During the first half of 2018, Asia Index Private Limited launched the S&P BSE Diversified Financials Revenue Growth Index. It is the first index of its kind in India, and it seeks to measure the performance of private (non-state-owned) stocks from the S&P BSE 500 in the finance sector. The index includes the top three quartiles from the eligible universe based on revenue growth criteria as defined in the index methodology.[1] The index is a variable count index; it had 48 constituents as of Sept. 29, 2018. It covers approximately 70% of the S&P BSE Finance in terms of total market capitalization. It is reconstituted semiannually in June and December.
The index offers a diversified exposure to various sub-industries of the BSE Finance sector. As shown in Exhibit 1, the index basket includes 9 banks out of the 38 banks that are part of the S&P BSE Finance. The largest sub-industry in the index is Banks, with a total weight of 30.2% as compared to 63% in the S&P BSE Finance.

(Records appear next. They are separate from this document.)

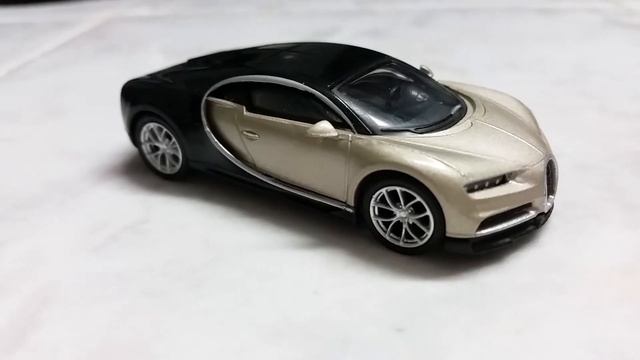Bugatti Chiron Hypercar Collection 1/64 смотреть онлайн
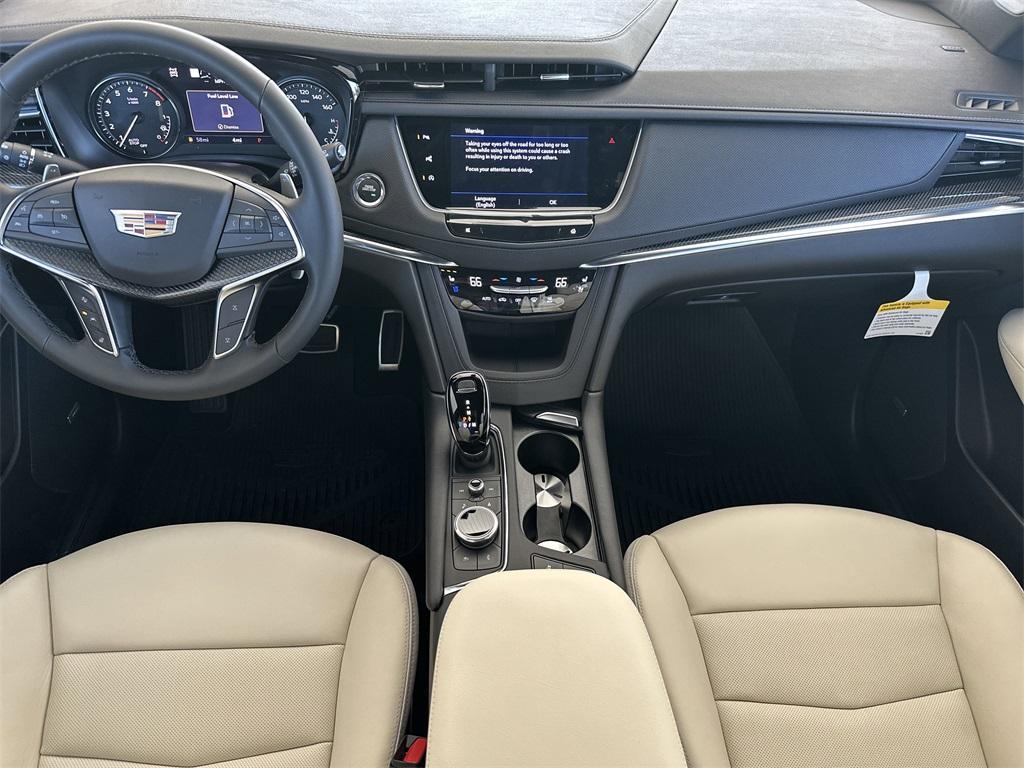 new 2025 Cadillac XT5 car, priced at $63,465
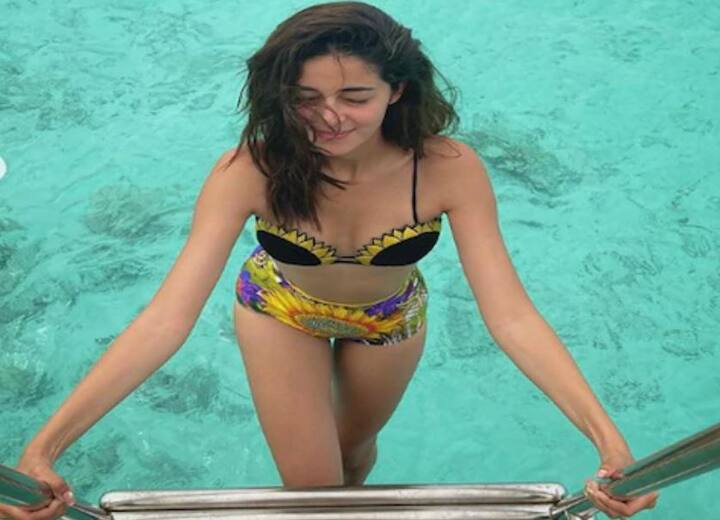 અનન્યા પાંડે માલદીવમાં નવા વર્ષની રજાઓ માણી રહી છે. અનન્યા પાંડે માલદીવમાં એકલી નથી ગઈ પરંતુ ઈશાન ખટ્ટર સાથે માલદીવ ગઈ છે. અનન્યા માલદીવથી ઘણી તસવીરો શેર કરી છે. 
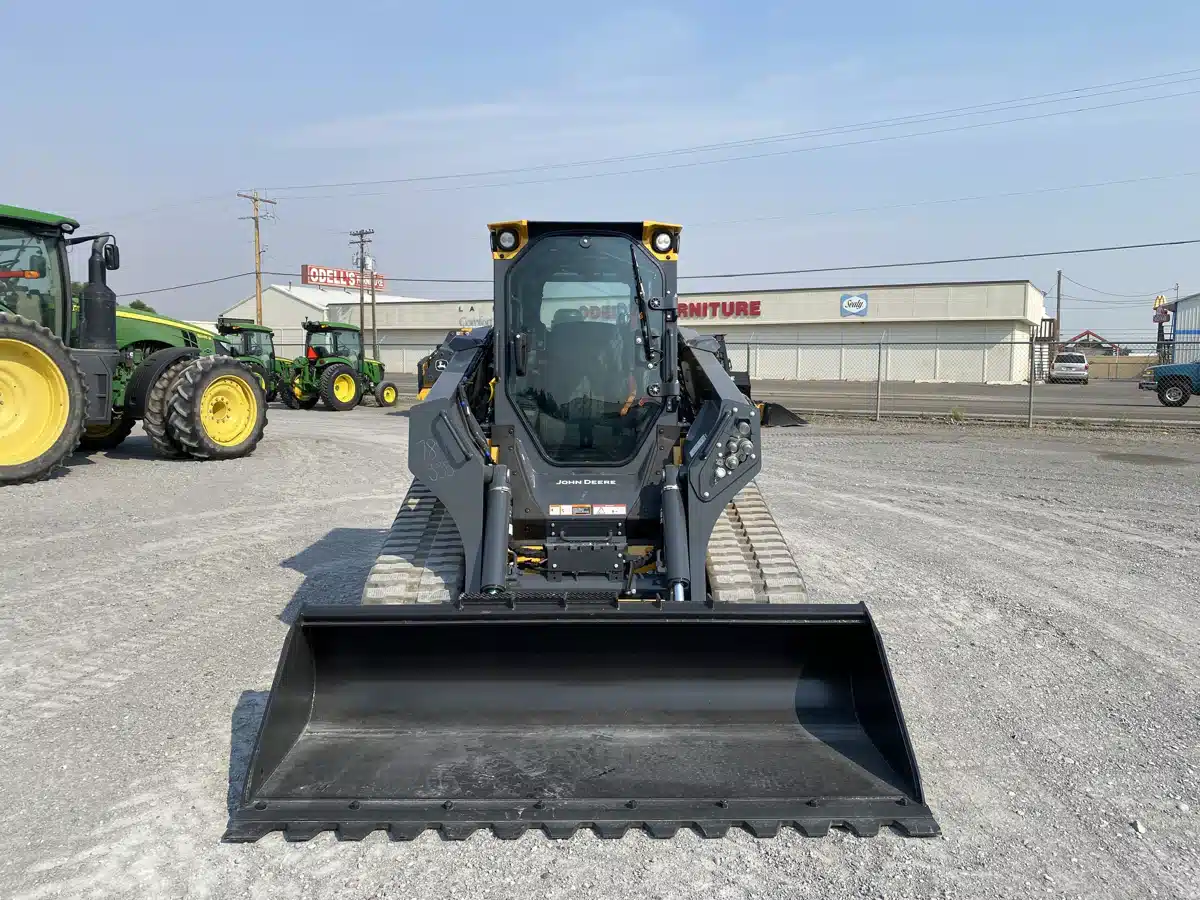 Photo de la Galerie 2 pour 2026 John Deere 335 P Chargeur sur chenilles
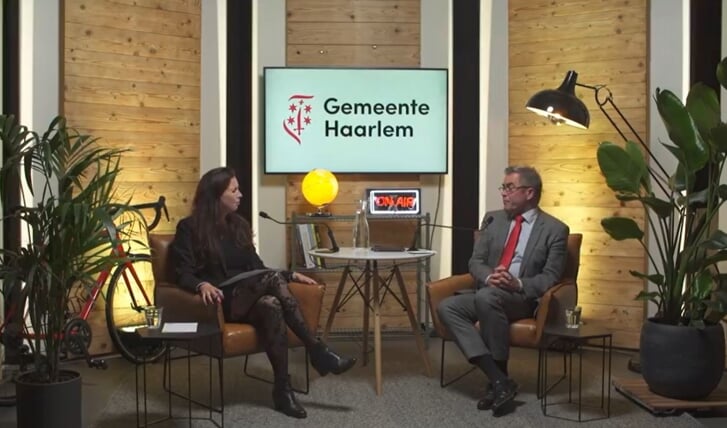 Burgemeester Jos Wienen zit in een coronaproof setting met moderator Yara Hannema tijdens de live chat via Facebook.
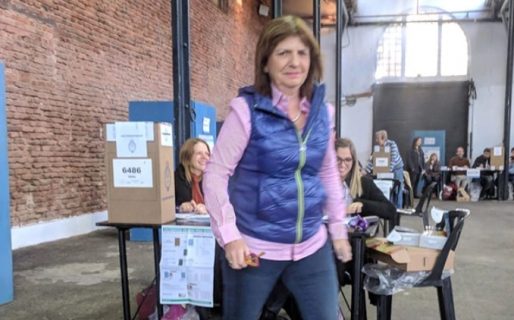 Patricia Bullrich votó a primera hora sin que casi nadie la viera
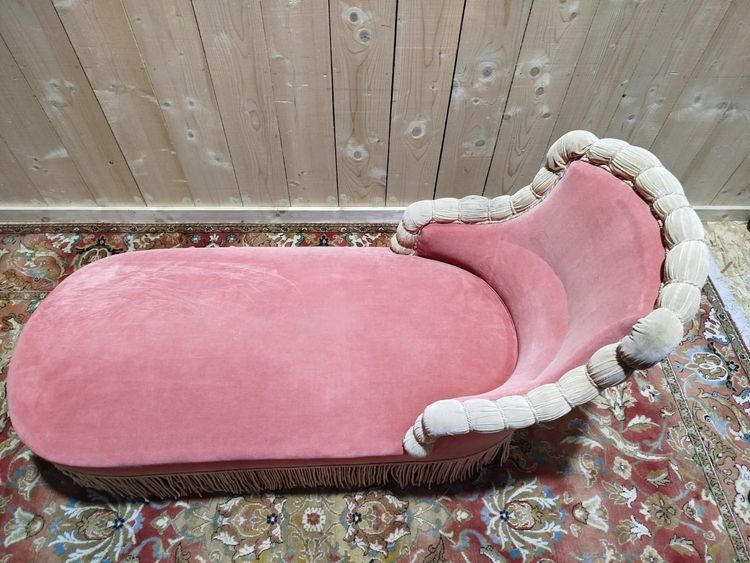 Napoleon III period pink velvet chaise longue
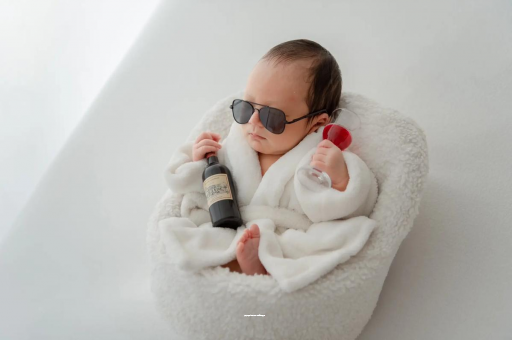 泰兴孕妇肚脐眼突出来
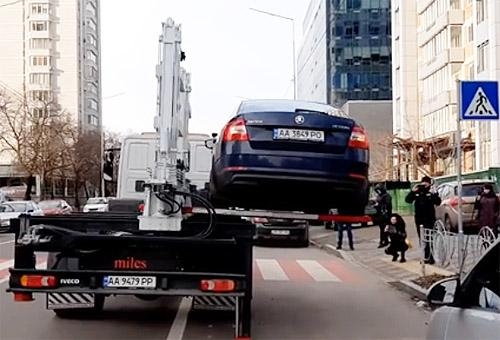 В Киеве появились новые эвакуаторы, которые увозят автомобиль за 2 минуты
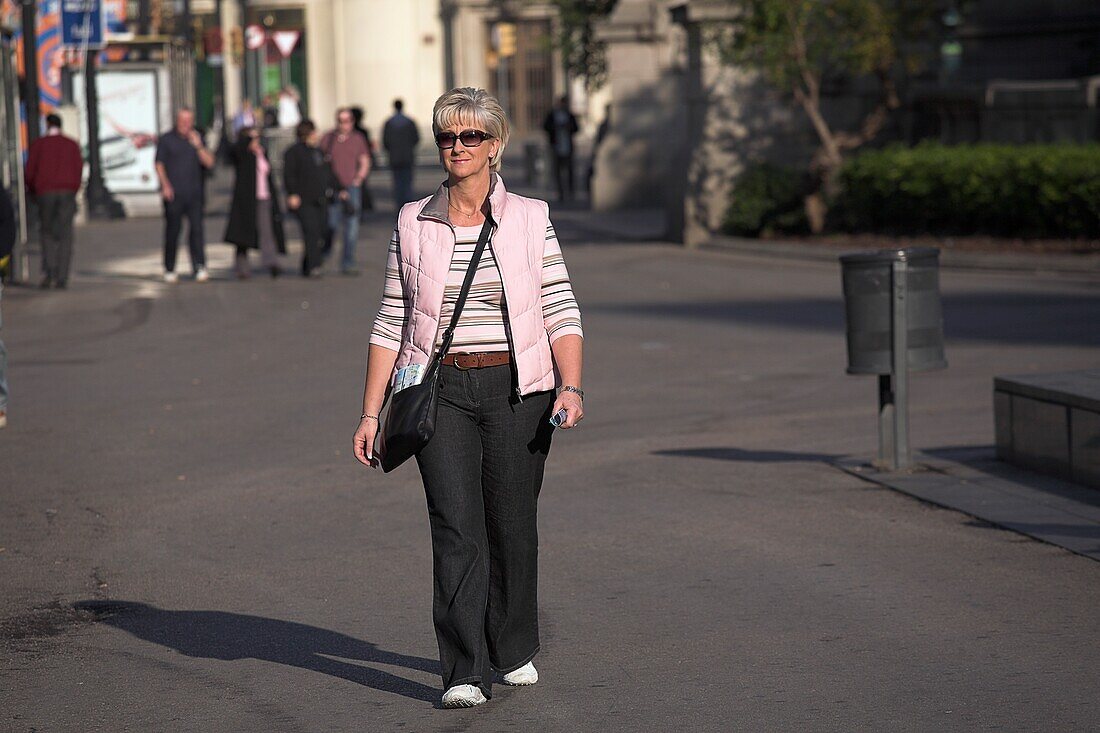 Frau geht La Rambla hinauf, Barcelona, Spanien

As defined in the index methodology, the maximum weight of stocks in the index is capped at 5% with quarterly weight resets. The top 10 stocks in the index account for a total weight of 49.2% as compared to 77.6% in the S&P BSE Finance. As illustrated in Exhibit 2, large cap accounts for a total weight of 61%, whereas the com bined weight of large and mid caps in the index is 93.5%.
Index Performance and Risk/Return Profile
As shown in Exhibit 3, over the past 10 years, the S&P BSE Diversified Financials Revenue Growth Index outperformed the S&P BSE Finance and the S&P BSE 500 by a considerable margin.
As depicted in Exhibit 4, the S&P BSE Diversified Financials Revenue Growth Index outperformed the S&P BSE Finance and S&P BSE 500 over the 3-, 5-, and 10-year periods studied. Although the index noted higher volatility, the index also noted higher risk-adjusted returns during the same periods.